GIVEN INFORMATION: Begin

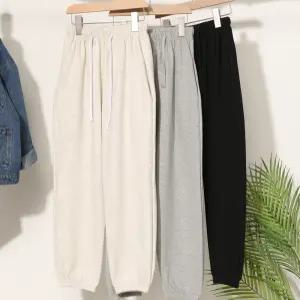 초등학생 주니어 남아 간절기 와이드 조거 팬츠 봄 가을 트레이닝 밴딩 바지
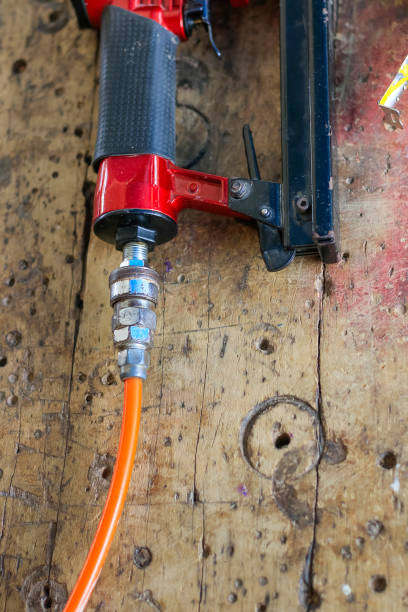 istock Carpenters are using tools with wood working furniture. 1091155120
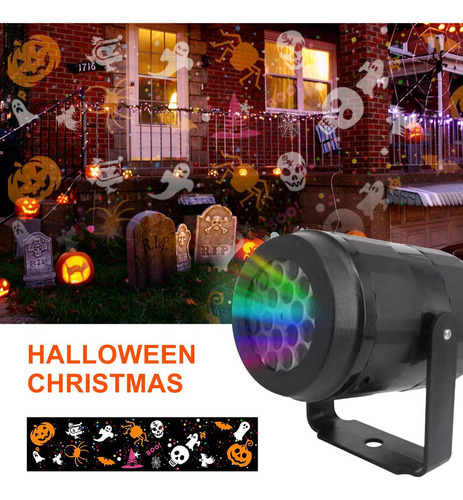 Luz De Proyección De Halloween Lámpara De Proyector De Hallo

GIVEN INFORMATION: End

Omit the pictures, then give all the lines above again exactly.

 초등학생 주니어 남아 간절기 와이드 조거 팬츠 봄 가을 트레이닝 밴딩 바지
 istock Carpenters are using tools with wood working furniture. 1091155120
 Luz De Proyección De Halloween Lámpara De Proyector De Hallo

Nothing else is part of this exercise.